## PROBLEM DESCRIPTION
Return the lines below exactly, please, from the one containing "Escasa presencialidad y" through the last one, both included, and leave out any pictures.
**** AVAILABLE DATA
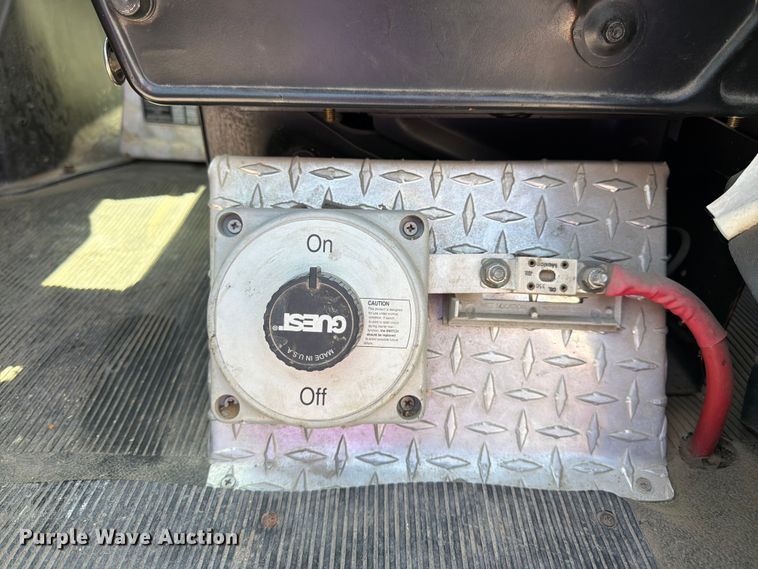 image for item FK3125 1999 International 4900 rescue vehicle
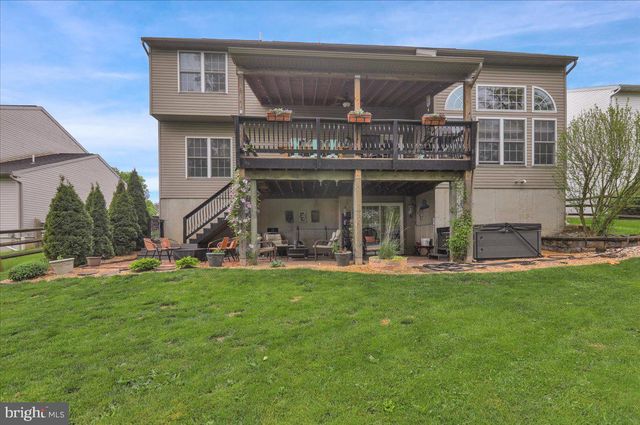 110 CLARION DR, Douglassville, PA 19518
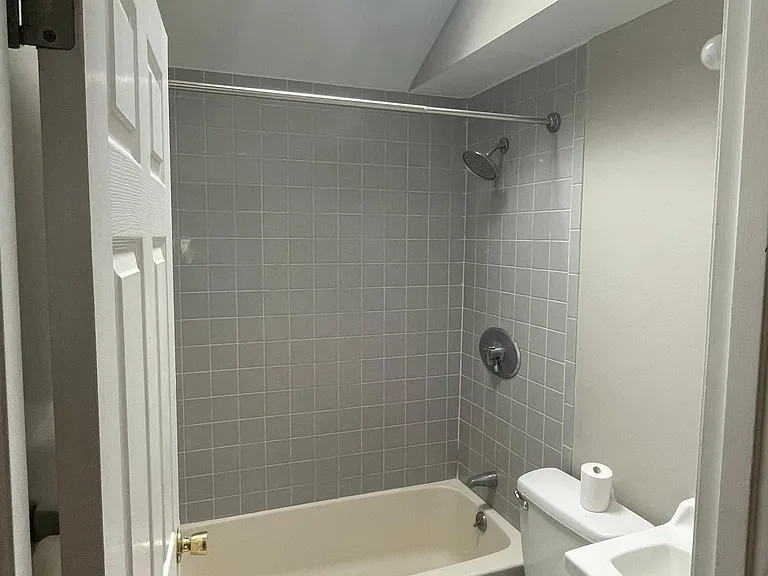 19 Mount Hope St — Photo 12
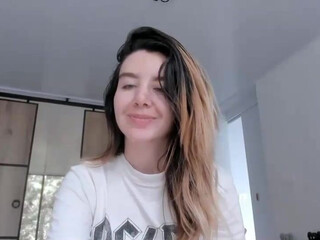 lauravega Full ticket show form May-5-2022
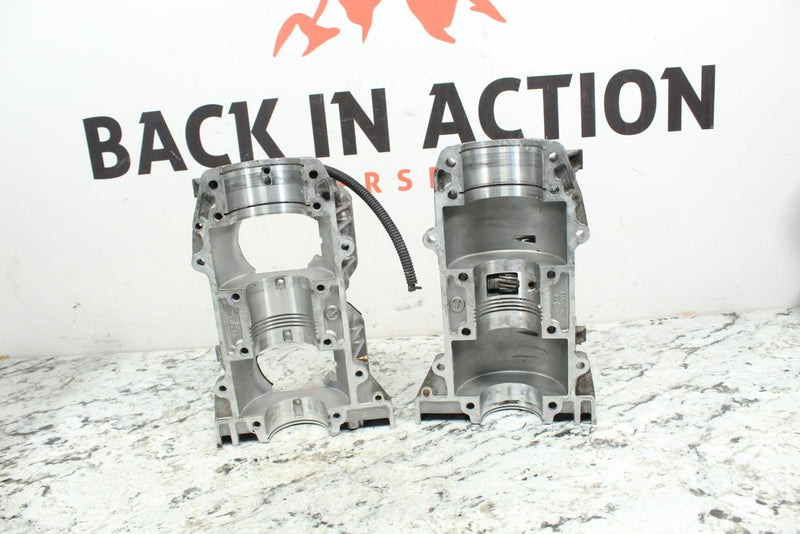 2015 POLARIS INDY 550 VOYAGER Crank Cases Main Crankcases 3090309 - Snowmobile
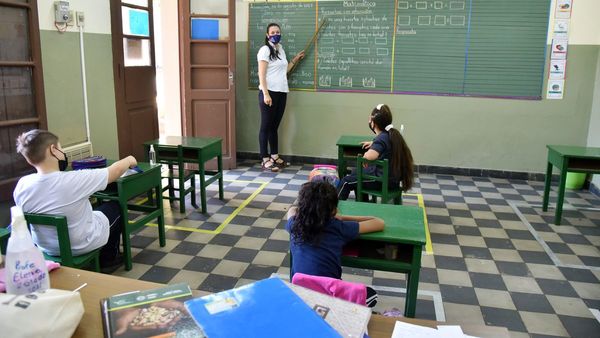 Escasa presencialidad y los mismos dramas se vieron en regreso a aulas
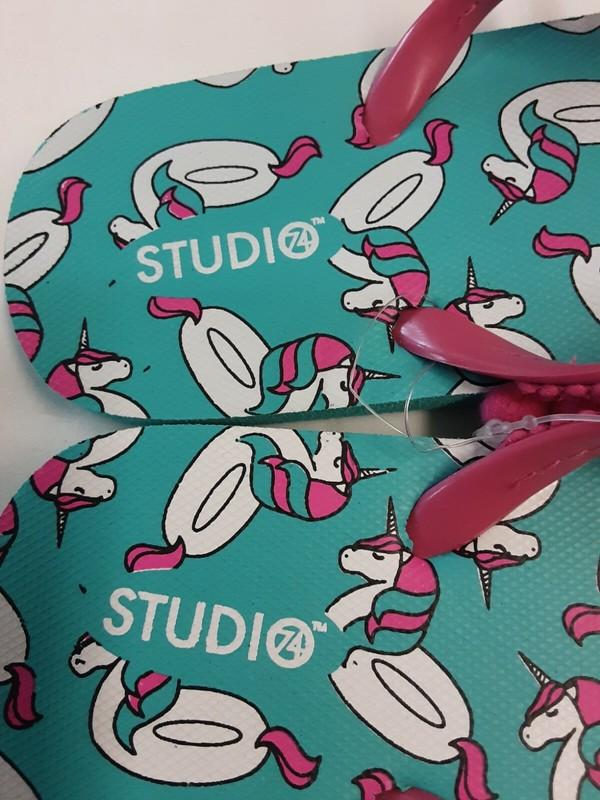 Studio 74 Girls Summer Turquoise Flip-Flops W/Pink Pom-Poms Toe Sandals BNWOT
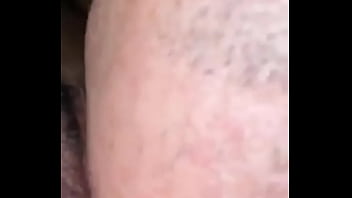 Chupando e bebe a porra da minha puta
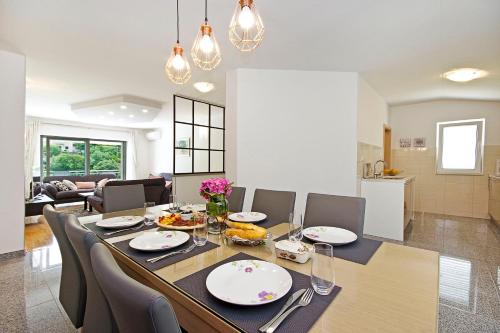 Luxurious, modern and spacious apartment with terraces 1
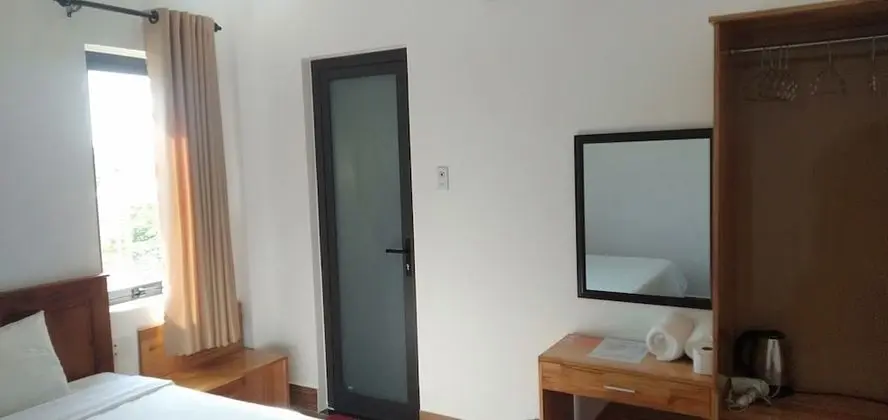 City Tek Büyük Yataklı Oda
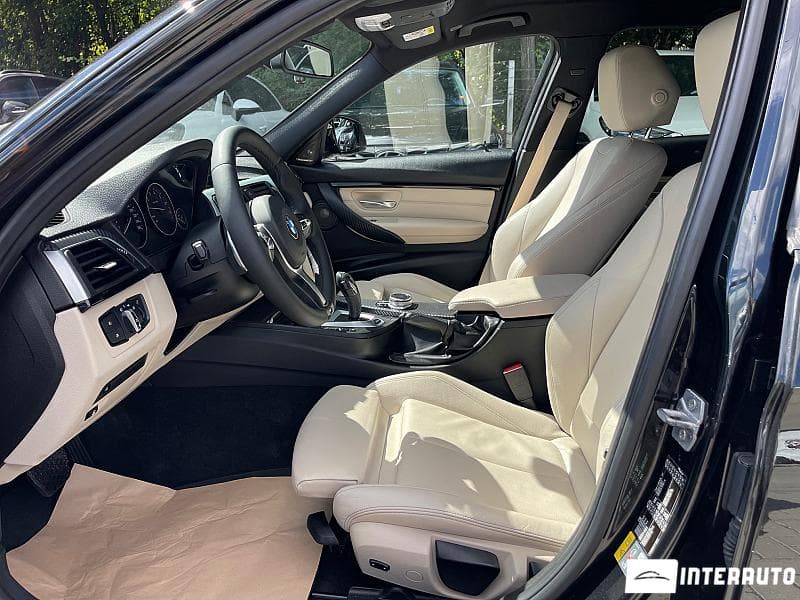 2016 BMW 330E — Miniatură 5
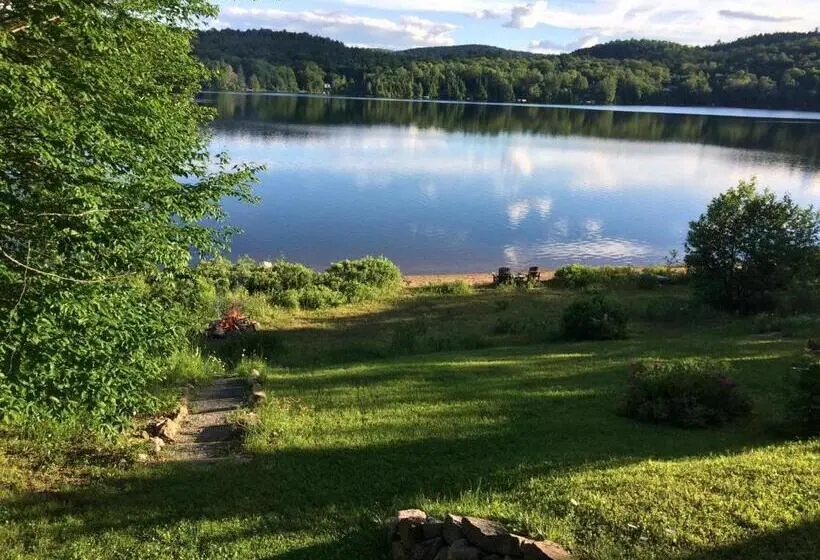 Suite with lake view, Le Lodge Du Lac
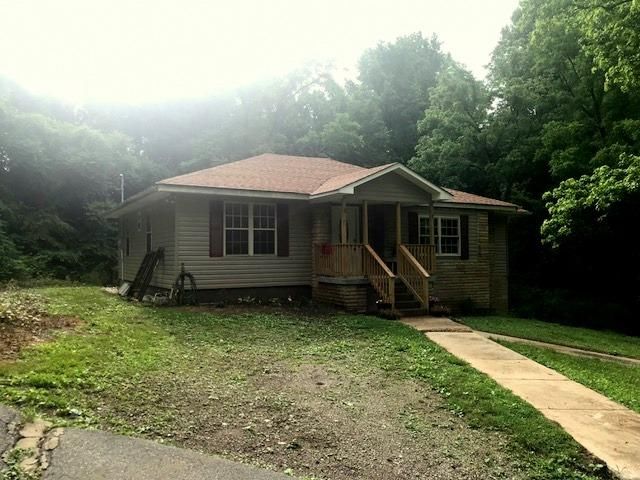 619 Pansy Hill Rd, Harriman, TN 37748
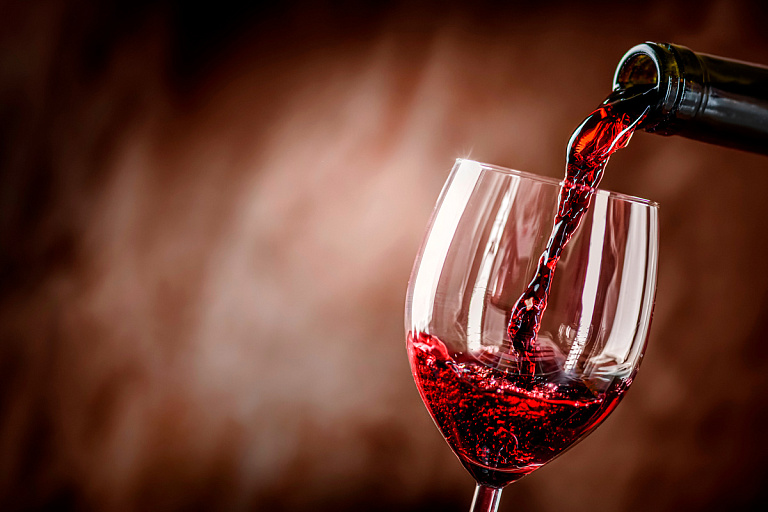 Магнат из Гонконга продал коллекцию вин за рекордную сумму – что в нее входит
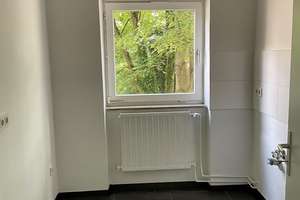 Sehr schöne 3 Zimmer Wohnung mit Balkon in Gelsenkirchen zu vermieten – Grimmstraße 26, 45883 Heßler, Gelsenkirchen – Vorschaubild 10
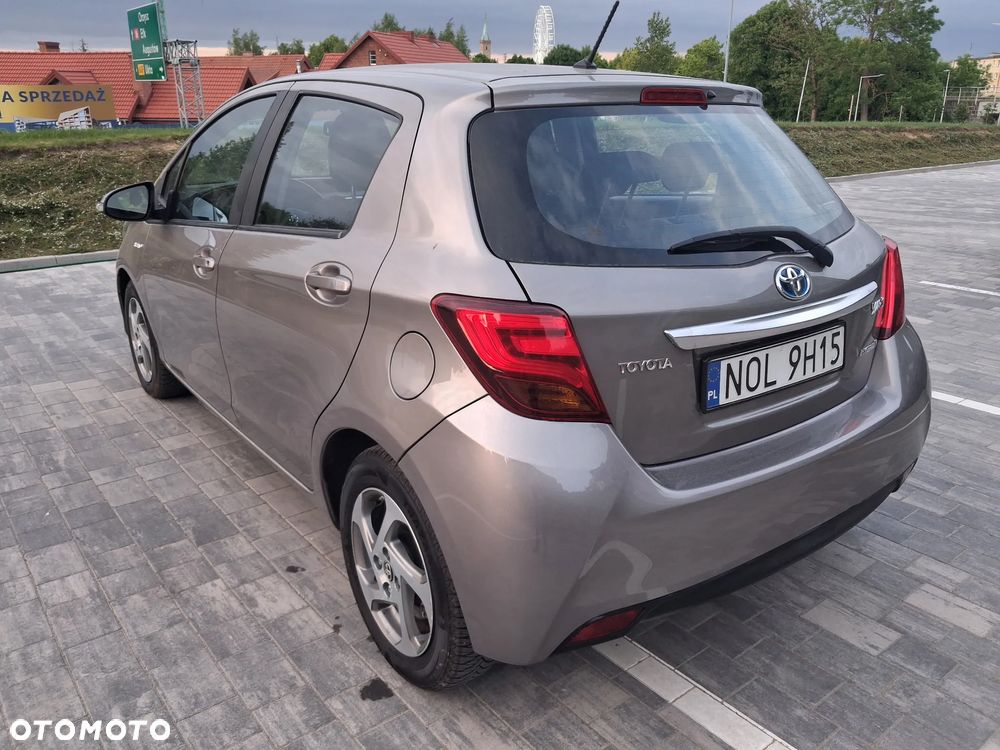 Toyota Yaris Hybrid 100 Dynamic - 8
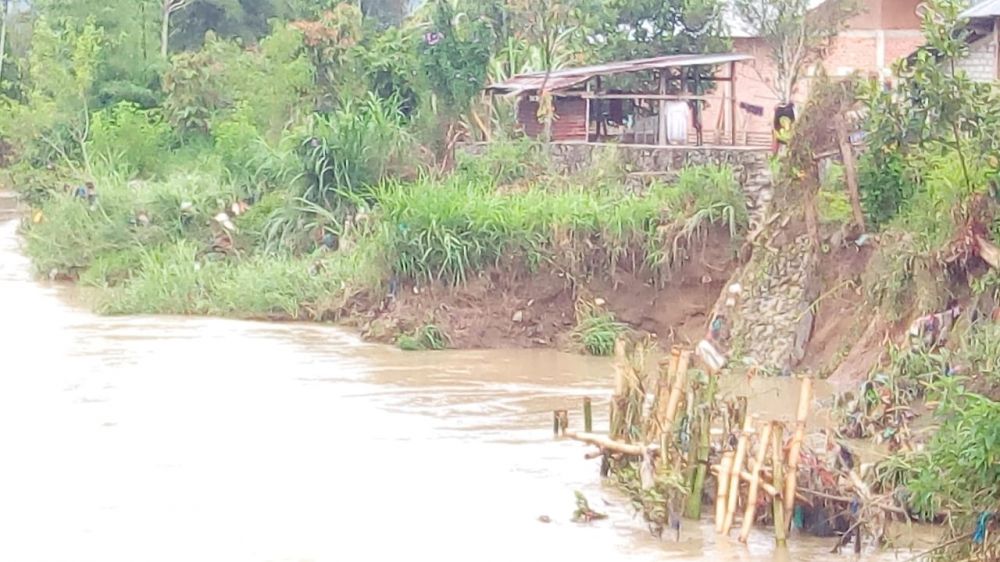 Warga Resah, Sungai Batang Merao Longsor Alami Abrasi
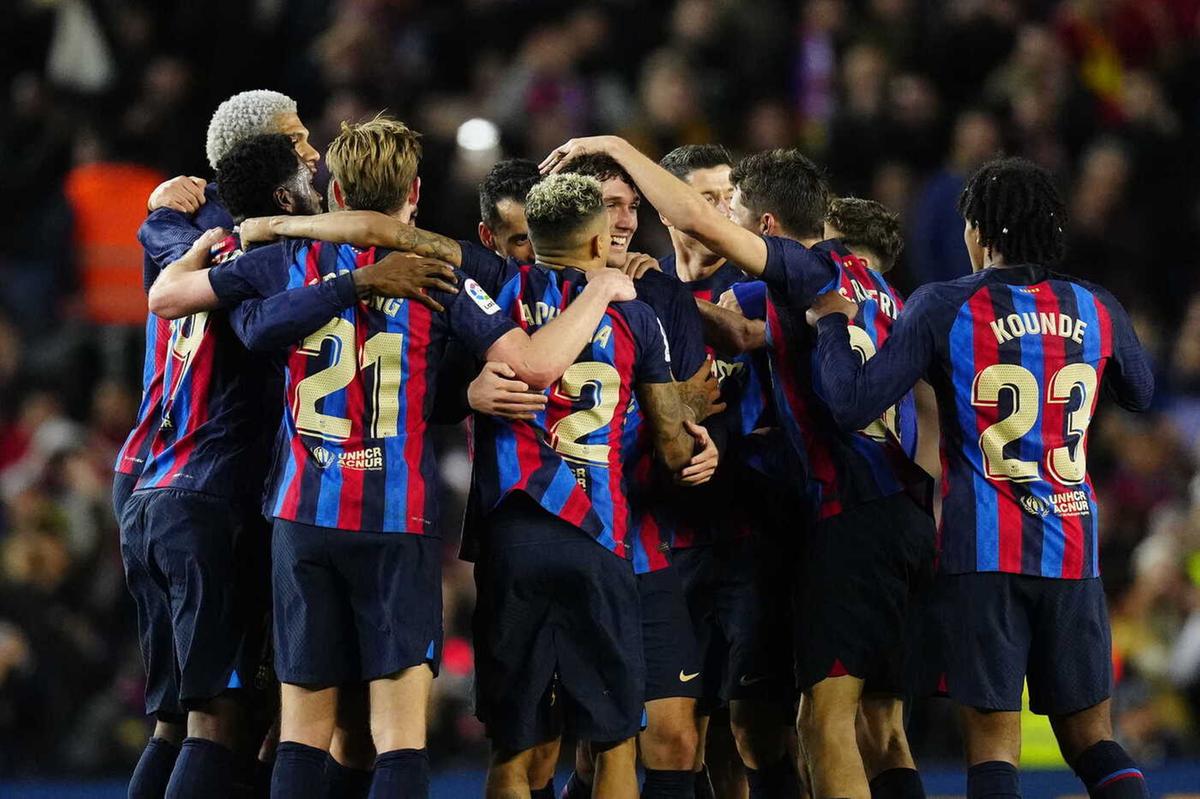 Jogadores do Barcelona (Foto/Enric Fontcuberta/EPA)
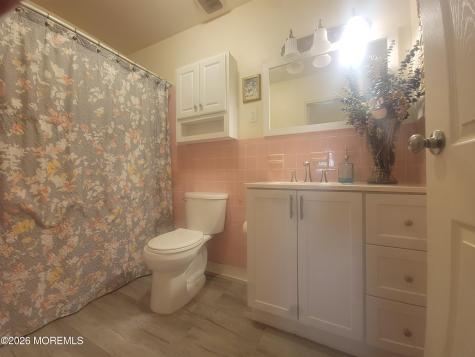 62 C Kennedy Drive Whiting NJ 08759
********
## EXERCISE SOLUTION
 Escasa presencialidad y los mismos dramas se vieron en regreso a aulas
 Studio 74 Girls Summer Turquoise Flip-Flops W/Pink Pom-Poms Toe Sandals BNWOT
 Chupando e bebe a porra da minha puta
 Luxurious, modern and spacious apartment with terraces 1
 City Tek Büyük Yataklı Oda
 2016 BMW 330E — Miniatură 5
 Suite with lake view, Le Lodge Du Lac
 619 Pansy Hill Rd, Harriman, TN 37748
 Магнат из Гонконга продал коллекцию вин за рекордную сумму – что в нее входит
 Sehr schöne 3 Zimmer Wohnung mit Balkon in Gelsenkirchen zu vermieten – Grimmstraße 26, 45883 Heßler, Gelsenkirchen – Vorschaubild 10
 Toyota Yaris Hybrid 100 Dynamic - 8
 Warga Resah, Sungai Batang Merao Longsor Alami Abrasi
 Jogadores do Barcelona (Foto/Enric Fontcuberta/EPA)
 62 C Kennedy Drive Whiting NJ 08759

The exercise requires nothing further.